USA/ Wzrosty na Wall Street, rynek czeka na Fed
Wtorkowa sesja na Wall Street przyniosła nieduże wzrosty po odczycie inflacji CPI w USA w maju, który wskazał na najwyższy wzrost cen konsumpcyjnych od grudnia ubiegłego roku. Inwestorzy czekają już na efekty rozpoczętego we wtorek dwudniowego posiedzenia Fed.
Na zamknięciu Dow Jones Industrial wzrósł o 0,16 proc., do 16.808,49 pkt.
S&P 500 zwyżkował o 0,22 proc. i wyniósł 1.941,99 pkt.
Nasdaq Comp. wzrósł o 0,37 proc., do 4.337,23 pkt.
Ceny konsumpcyjne w USA w maju wzrosły o 0,4 proc. mdm. Inflacja bazowa, czyli wskaźnik, który nie uwzględnia cen paliw i żywności, wyniosła 0,3 proc. w maju.

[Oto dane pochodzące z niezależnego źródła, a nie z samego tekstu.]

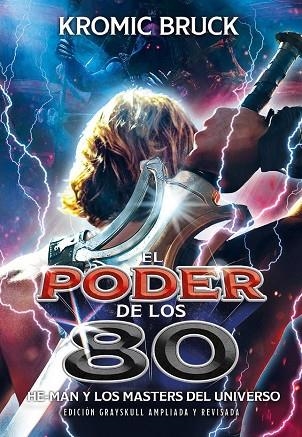 EL PODER DE LOS 80 HE MAN Y LOS MASTERS DEL UNIVERSO EDICION AMPLIADA | 9791388074684 | KROMIK BRUCK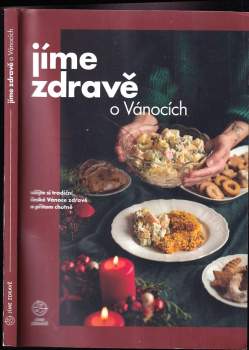 Marie Bartošová: Jíme zdravě o Vánocích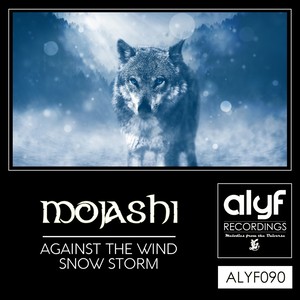 Mojashi - Against The Wind (Original Mix)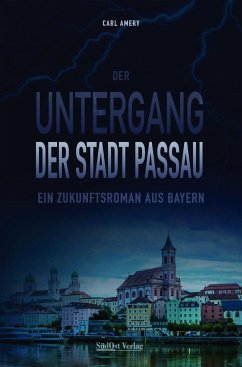 Der Untergang der Stadt Passau - Amery, Carl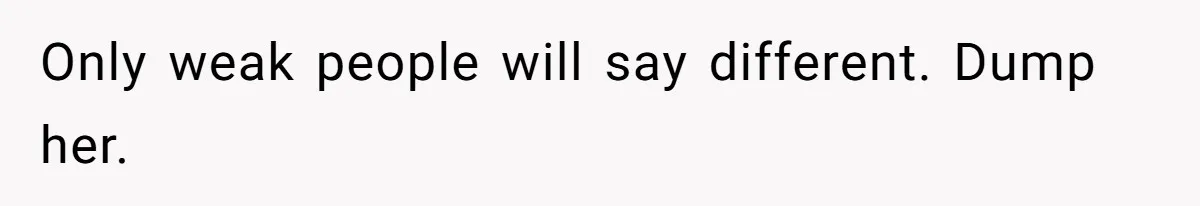 Only weak people will say different. Dump her.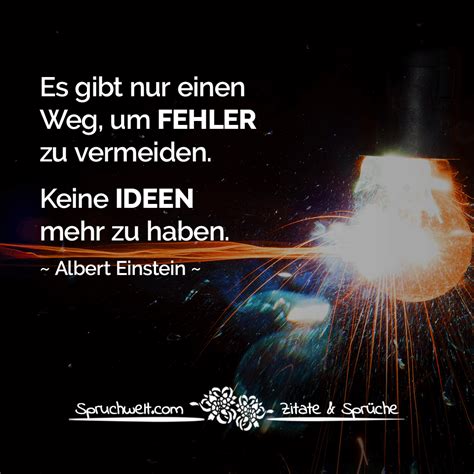 Es Gibt Nur Einen Weg Um Fehler Zu Vermeiden Albert Einstein Zitat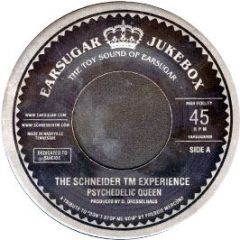 The Schneider Tm Experience - Psychedelic Queen - Earsugar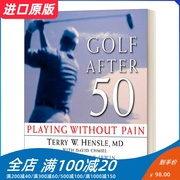 英文原版golfafter50playingwithoutpain50岁后打高尔夫不痛不痒英文版进口英语原版书籍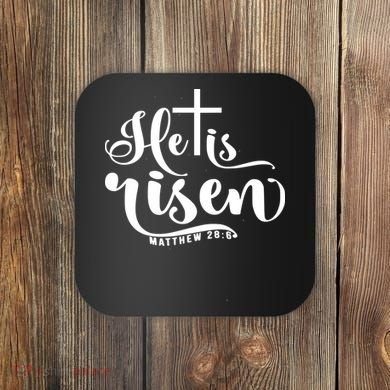 He Is Risen Matthew 28:6 Easter Cross Coaster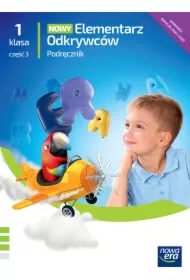 Nowy Elementarz Odkrywców NEON. Edukacja polonistyczna, przyrodnicza, społeczna. Podręcznik. Klasa 1. Część 3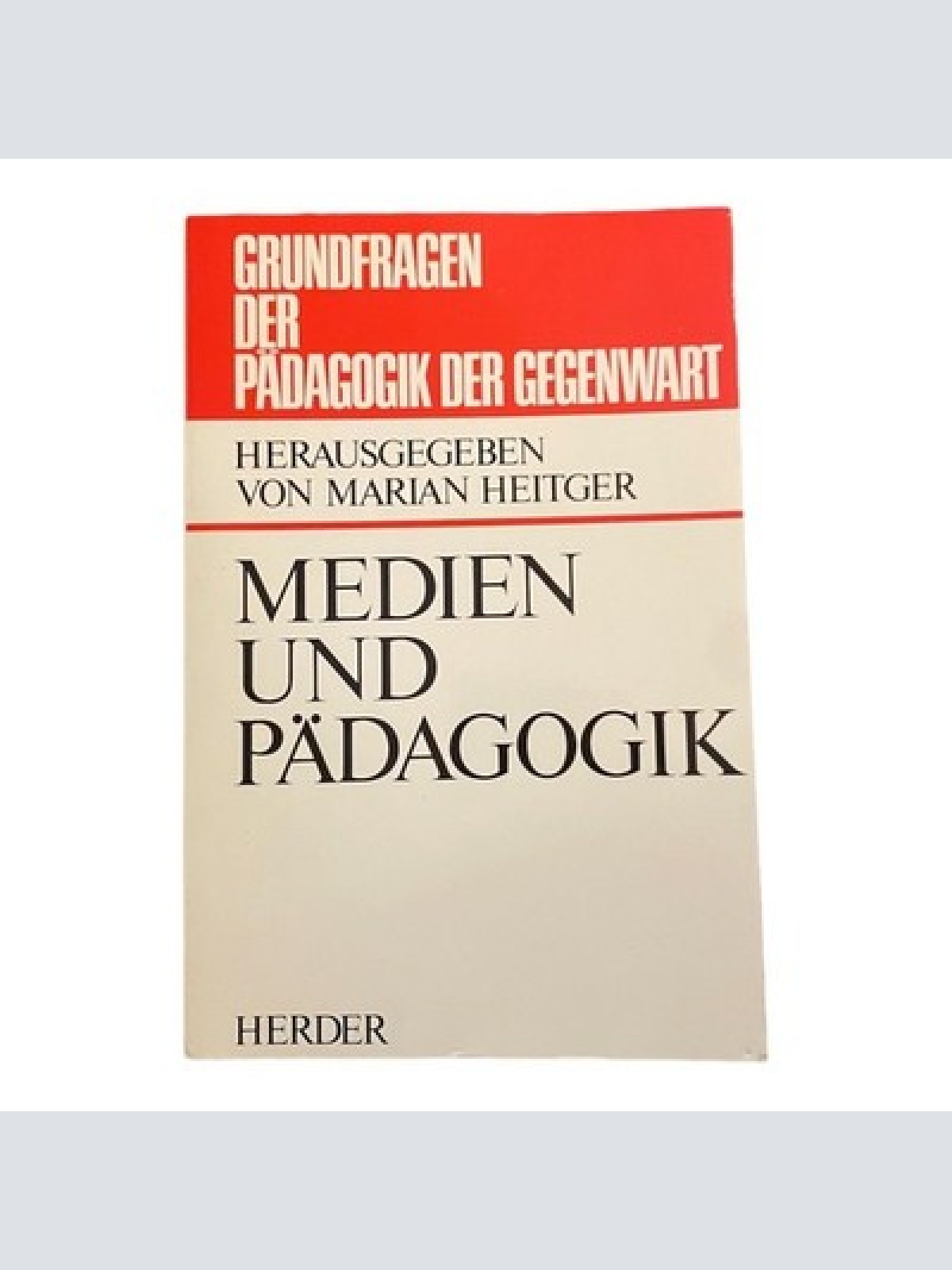 2385 Marian Heitger, GRUNDFRAGEN D PÄDAGOGIK D GEGENWART: MEDIEN U PÄDAGOGIK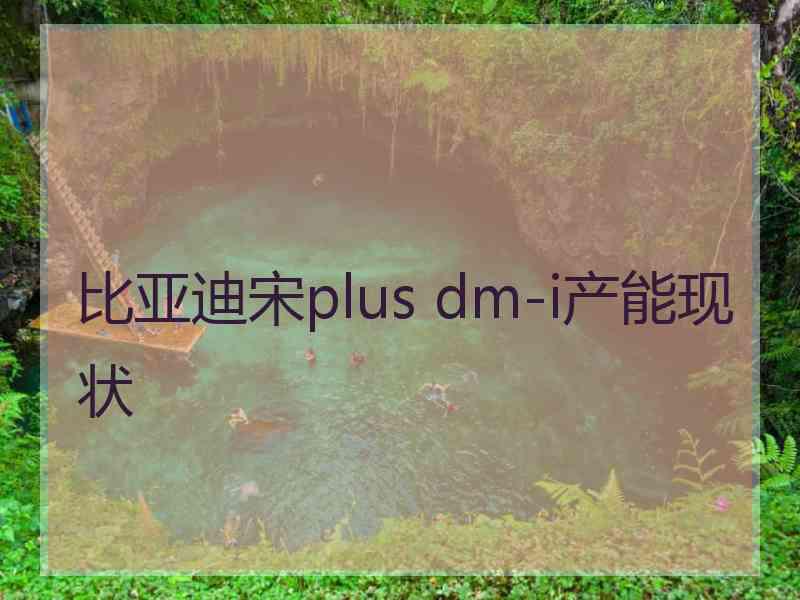 比亚迪宋plus dm-i产能现状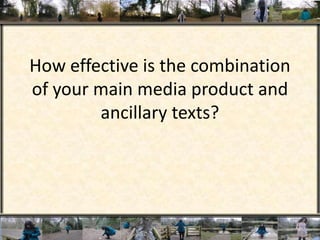 How effective is the combination of your main media product and ancillary texts? 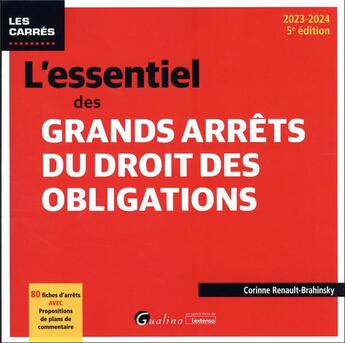 Couverture du livre « L'essentiel des grands arrêts du droit des obligations : 80 fiches d'arrêts avec propositions de plans de commentaire (édition 2023/2024) » de Corinne Renault-Brahinsky aux éditions Gualino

Analitycy spodziewali się, że wskaźnik CPI wyniesie 0,2 proc. mdm oraz CPI bazowy wyniesie również 0,2 proc. mdm. Rok do roku wskaźnik CPI wyniósł 2,1 proc., a po odliczeniu cen żywności i energii wyniósł 2,0 proc.
"Dostrzegamy sygnały presji inflacyjnej w Stanach Zjednoczonych. Poprawa na rynku pracy oraz wzrost cen sprawiają, że Fed będzie miał kilka nowych tematów do przemyślenia" - ocenił Samuel Coffin, ekonomista UBS Securities.

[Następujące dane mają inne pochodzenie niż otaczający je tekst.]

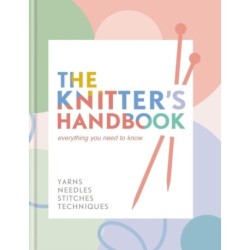 The Knitter's Handbook: Everything you need to know: yarns, needles, stitches, techniques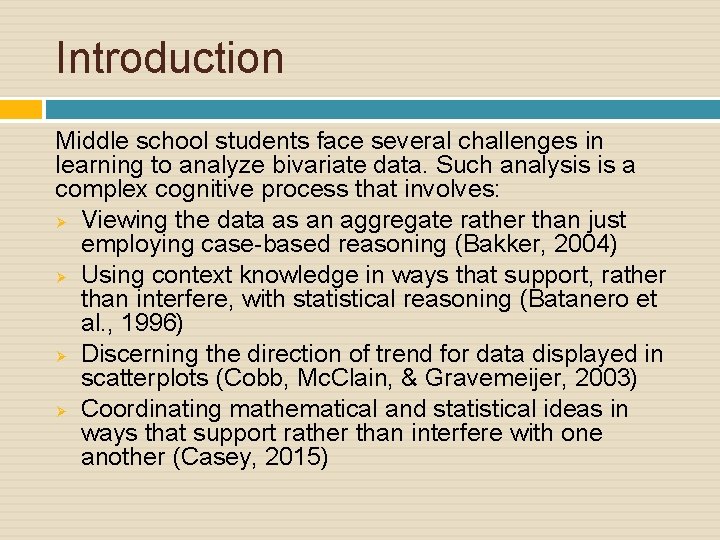 Introduction Middle school students face several challenges in learning to analyze bivariate data. Such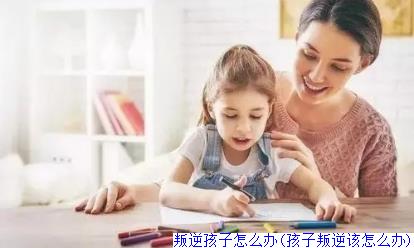 叛逆孩子怎么办(孩子叛逆该怎么办)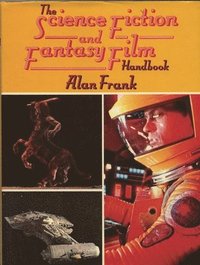 bokomslag Science Fiction Fantasy Film Handbook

Liczba rozpoczętych inwestycji w zakresie budowy domów mieszkalnych w USA spadła w maju i wyniosła 1,001 mln w ujęciu rocznym. W kwietniu wskaźnik wyniósł 1,071 mln po korekcie. Analitycy spodziewali się, że liczba rozpoczętych, nowych inwestycji wyniesie 1,03 mln.
"Chociaż dane z rynku nieruchomości nieco rozczarowały nie należy zapominać, że liczba nowych inwestycji budowlanych pozostaje bliska miliona, co stanowi znaczną poprawę w porównaniu z okresem kryzysu" - Nick Raich, główny analityk inwestycyjny w Earnings Scout.
We wtorek rozpoczyna się dwudniowe posiedzenie Federalnego Komitetu Otwartego Rynku (FOMC). Rynek zakłada, że Fed zdecyduje się na dalsze ograniczenie skali skupu obligacji w ramach programu o 10 mld USD, jak to czynił na poprzednich posiedzeniach. Analitycy oceniają również, że Fed podniesie nieco poziomy stóp proc. zawarte w projekcji.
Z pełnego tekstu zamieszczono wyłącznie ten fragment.